**EXERCISE REQUIREMENTS:** The expected answer is the set of lines in the data below between the line holding "Andre Stade führt" and the line holding "RedDoorz near XT Square Yogyakarta", inclusive, written out exactly.

**MATERIAL PROVIDED:**
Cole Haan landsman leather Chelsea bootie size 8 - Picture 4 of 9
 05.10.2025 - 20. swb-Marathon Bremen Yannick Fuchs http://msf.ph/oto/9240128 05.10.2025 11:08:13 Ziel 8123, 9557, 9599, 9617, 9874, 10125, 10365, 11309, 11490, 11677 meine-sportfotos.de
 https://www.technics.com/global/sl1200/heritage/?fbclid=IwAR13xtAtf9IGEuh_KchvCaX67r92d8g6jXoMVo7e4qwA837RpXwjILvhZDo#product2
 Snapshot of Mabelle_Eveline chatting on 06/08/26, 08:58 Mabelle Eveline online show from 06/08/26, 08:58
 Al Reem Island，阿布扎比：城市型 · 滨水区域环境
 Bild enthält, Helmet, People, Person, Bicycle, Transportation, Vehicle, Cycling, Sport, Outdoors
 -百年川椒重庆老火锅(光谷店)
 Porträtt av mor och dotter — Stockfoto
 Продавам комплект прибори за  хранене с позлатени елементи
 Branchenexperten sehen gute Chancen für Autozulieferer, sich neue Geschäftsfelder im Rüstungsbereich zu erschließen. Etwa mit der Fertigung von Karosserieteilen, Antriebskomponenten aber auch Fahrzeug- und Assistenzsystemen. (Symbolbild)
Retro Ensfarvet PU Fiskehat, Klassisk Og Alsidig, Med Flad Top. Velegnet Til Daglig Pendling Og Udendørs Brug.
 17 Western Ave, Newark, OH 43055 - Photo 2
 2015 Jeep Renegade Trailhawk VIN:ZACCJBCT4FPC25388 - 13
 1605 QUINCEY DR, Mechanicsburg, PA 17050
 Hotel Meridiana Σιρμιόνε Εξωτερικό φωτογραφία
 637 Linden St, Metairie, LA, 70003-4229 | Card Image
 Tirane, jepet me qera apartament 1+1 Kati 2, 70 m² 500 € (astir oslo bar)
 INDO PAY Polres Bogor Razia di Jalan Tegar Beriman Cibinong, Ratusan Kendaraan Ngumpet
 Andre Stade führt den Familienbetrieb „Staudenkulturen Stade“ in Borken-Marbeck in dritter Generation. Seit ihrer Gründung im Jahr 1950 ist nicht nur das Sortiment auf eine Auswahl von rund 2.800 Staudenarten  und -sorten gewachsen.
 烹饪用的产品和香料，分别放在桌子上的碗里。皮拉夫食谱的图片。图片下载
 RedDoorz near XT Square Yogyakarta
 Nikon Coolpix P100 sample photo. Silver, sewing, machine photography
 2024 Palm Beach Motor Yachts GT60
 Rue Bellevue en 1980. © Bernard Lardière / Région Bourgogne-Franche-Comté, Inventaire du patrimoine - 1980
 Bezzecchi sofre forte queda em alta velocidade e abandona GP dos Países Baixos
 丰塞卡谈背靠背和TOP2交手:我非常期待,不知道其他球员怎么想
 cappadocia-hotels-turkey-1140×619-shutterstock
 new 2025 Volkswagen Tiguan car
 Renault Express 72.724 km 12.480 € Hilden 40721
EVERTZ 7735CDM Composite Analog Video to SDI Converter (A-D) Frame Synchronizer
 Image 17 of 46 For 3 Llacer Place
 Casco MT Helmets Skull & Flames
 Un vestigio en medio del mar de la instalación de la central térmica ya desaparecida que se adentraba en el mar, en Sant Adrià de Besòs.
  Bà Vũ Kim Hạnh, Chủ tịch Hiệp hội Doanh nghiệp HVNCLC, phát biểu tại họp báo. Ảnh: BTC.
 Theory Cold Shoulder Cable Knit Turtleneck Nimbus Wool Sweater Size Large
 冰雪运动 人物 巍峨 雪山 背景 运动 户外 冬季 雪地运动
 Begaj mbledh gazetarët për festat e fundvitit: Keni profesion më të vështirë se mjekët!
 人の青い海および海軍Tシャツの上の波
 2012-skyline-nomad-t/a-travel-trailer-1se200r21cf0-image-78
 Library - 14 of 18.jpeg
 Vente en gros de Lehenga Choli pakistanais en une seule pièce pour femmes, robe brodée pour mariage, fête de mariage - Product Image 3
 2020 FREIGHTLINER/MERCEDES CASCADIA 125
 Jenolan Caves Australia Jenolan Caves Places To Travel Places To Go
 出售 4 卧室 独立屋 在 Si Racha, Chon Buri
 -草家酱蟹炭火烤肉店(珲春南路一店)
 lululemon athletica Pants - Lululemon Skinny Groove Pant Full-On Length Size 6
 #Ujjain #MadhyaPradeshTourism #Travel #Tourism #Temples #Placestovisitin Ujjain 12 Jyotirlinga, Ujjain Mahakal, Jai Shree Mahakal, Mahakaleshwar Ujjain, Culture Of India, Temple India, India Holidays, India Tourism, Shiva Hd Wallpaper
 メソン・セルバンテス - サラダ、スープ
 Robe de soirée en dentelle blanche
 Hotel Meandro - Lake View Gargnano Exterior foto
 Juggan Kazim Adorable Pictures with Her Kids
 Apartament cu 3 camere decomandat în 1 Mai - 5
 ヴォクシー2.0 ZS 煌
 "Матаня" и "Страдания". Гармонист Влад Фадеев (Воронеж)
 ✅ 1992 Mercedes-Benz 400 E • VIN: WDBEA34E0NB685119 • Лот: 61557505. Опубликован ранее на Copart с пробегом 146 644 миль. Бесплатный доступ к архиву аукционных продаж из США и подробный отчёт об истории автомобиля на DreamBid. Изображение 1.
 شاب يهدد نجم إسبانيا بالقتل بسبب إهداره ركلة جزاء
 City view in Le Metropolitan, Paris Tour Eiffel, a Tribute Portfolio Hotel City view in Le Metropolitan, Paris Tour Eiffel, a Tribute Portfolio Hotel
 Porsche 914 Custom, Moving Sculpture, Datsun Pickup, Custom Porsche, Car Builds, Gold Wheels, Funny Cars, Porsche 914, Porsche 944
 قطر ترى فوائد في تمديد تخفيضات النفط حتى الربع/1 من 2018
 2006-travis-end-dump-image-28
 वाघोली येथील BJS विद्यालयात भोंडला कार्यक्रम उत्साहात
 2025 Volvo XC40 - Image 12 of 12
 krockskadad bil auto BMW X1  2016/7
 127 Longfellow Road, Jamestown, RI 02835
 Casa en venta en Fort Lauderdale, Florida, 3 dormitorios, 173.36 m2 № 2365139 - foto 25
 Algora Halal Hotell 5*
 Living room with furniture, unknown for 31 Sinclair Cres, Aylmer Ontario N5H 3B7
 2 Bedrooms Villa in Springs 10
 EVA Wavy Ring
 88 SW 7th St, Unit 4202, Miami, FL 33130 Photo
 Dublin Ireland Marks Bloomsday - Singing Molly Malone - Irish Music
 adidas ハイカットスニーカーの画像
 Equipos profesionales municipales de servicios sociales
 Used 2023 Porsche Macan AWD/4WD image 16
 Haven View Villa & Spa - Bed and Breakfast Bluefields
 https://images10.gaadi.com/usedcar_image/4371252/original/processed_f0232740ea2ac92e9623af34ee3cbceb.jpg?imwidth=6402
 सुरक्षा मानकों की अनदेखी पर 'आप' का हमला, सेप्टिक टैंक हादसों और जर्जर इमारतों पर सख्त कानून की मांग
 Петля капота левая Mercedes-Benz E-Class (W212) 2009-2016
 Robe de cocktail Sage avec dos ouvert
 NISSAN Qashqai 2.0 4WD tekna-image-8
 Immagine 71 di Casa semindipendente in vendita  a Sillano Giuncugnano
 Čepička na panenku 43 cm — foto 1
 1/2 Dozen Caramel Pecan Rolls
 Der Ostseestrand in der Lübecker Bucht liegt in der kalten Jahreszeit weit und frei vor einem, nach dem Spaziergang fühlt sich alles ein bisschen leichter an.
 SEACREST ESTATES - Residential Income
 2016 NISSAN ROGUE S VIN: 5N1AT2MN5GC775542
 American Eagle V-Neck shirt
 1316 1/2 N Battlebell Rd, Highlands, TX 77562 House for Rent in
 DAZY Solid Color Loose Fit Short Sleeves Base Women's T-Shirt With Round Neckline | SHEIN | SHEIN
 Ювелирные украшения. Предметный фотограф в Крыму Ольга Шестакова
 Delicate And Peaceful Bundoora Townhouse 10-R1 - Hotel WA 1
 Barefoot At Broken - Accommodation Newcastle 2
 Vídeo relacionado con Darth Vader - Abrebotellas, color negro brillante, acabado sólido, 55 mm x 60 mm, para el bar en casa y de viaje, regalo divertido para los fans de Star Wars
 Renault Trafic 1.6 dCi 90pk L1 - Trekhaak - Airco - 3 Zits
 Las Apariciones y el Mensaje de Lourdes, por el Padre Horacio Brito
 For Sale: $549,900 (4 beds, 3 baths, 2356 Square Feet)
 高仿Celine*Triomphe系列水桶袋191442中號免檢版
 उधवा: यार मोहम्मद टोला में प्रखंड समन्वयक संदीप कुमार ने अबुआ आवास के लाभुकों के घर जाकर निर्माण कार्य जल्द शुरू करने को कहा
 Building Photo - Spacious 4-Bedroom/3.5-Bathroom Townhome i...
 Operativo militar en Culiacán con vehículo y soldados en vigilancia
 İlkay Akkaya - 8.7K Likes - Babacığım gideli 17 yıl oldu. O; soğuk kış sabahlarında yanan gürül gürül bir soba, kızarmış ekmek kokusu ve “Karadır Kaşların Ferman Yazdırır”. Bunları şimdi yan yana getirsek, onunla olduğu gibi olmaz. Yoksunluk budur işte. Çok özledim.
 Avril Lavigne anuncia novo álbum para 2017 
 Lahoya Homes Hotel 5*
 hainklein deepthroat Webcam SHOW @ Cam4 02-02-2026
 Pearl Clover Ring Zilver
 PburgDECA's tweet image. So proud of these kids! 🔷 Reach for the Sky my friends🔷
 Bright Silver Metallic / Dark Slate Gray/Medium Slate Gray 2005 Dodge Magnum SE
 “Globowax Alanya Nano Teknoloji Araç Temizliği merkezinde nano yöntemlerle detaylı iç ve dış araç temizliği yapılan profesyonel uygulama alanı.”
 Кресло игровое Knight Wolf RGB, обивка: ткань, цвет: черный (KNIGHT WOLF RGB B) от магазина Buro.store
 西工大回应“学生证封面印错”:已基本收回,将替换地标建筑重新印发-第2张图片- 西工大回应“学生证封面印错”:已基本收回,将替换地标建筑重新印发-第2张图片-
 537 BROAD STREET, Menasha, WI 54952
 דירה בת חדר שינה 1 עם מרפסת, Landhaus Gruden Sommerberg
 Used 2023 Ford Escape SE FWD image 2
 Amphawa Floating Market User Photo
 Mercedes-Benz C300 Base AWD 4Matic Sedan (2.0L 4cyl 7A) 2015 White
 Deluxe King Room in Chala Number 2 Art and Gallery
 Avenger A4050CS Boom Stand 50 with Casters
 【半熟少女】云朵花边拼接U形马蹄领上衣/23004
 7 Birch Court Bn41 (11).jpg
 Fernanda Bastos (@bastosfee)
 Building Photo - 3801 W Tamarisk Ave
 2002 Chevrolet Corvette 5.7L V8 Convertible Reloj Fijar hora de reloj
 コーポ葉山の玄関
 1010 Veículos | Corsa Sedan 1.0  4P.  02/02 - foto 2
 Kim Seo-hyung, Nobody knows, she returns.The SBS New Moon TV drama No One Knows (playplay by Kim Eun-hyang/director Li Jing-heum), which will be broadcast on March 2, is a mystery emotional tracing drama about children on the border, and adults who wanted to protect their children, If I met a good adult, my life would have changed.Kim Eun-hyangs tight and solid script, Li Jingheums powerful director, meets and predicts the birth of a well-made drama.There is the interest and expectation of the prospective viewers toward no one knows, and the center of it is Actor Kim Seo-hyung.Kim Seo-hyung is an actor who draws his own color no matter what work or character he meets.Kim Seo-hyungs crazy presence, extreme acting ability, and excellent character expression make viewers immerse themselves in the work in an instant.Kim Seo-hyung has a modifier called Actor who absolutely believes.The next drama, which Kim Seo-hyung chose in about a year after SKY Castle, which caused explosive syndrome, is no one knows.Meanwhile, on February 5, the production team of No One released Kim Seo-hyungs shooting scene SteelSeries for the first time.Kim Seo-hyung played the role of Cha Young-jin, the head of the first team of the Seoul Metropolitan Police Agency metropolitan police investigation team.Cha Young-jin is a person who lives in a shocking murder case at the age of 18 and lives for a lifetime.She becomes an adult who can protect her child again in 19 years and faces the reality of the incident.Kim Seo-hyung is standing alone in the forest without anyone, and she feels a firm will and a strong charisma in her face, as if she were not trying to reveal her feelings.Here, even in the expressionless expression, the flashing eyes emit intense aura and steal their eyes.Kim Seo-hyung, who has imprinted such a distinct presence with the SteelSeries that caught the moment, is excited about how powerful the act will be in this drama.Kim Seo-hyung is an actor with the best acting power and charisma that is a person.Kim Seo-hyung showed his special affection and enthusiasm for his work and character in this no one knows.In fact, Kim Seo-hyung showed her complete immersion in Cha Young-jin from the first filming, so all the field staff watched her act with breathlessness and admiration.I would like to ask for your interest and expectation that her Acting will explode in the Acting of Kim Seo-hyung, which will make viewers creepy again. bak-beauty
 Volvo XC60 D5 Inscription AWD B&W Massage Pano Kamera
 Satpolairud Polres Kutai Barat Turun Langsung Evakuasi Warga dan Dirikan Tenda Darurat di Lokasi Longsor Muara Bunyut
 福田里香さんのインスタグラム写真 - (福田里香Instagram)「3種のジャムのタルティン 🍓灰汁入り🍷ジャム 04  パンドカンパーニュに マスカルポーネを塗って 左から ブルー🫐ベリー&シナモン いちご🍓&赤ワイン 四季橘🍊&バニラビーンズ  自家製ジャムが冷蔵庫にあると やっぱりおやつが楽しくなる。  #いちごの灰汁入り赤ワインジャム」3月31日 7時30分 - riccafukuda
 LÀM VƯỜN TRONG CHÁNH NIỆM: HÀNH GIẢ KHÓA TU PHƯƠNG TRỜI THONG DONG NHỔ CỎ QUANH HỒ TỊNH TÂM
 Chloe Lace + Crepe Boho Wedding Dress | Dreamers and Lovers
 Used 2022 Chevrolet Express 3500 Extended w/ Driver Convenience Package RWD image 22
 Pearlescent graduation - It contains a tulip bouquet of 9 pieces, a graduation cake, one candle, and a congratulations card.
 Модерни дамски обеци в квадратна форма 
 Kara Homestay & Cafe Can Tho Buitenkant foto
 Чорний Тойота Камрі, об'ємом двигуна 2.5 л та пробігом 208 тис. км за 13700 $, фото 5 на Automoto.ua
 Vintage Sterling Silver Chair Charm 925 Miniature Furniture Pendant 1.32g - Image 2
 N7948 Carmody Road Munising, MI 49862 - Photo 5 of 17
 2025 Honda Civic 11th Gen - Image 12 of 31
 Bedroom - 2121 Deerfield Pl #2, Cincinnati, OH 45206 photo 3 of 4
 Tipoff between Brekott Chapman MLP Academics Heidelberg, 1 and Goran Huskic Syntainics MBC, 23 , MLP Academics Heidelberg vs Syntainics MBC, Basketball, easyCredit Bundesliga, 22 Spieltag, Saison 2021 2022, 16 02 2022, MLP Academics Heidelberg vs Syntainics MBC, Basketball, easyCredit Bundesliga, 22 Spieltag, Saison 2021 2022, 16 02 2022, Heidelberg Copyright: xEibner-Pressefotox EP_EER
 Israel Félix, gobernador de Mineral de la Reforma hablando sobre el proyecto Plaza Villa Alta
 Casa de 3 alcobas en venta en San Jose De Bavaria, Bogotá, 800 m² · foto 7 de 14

**WRITTEN RESPONSE:**
 Andre Stade führt den Familienbetrieb „Staudenkulturen Stade“ in Borken-Marbeck in dritter Generation. Seit ihrer Gründung im Jahr 1950 ist nicht nur das Sortiment auf eine Auswahl von rund 2.800 Staudenarten  und -sorten gewachsen.
 烹饪用的产品和香料，分别放在桌子上的碗里。皮拉夫食谱的图片。图片下载
 RedDoorz near XT Square Yogyakarta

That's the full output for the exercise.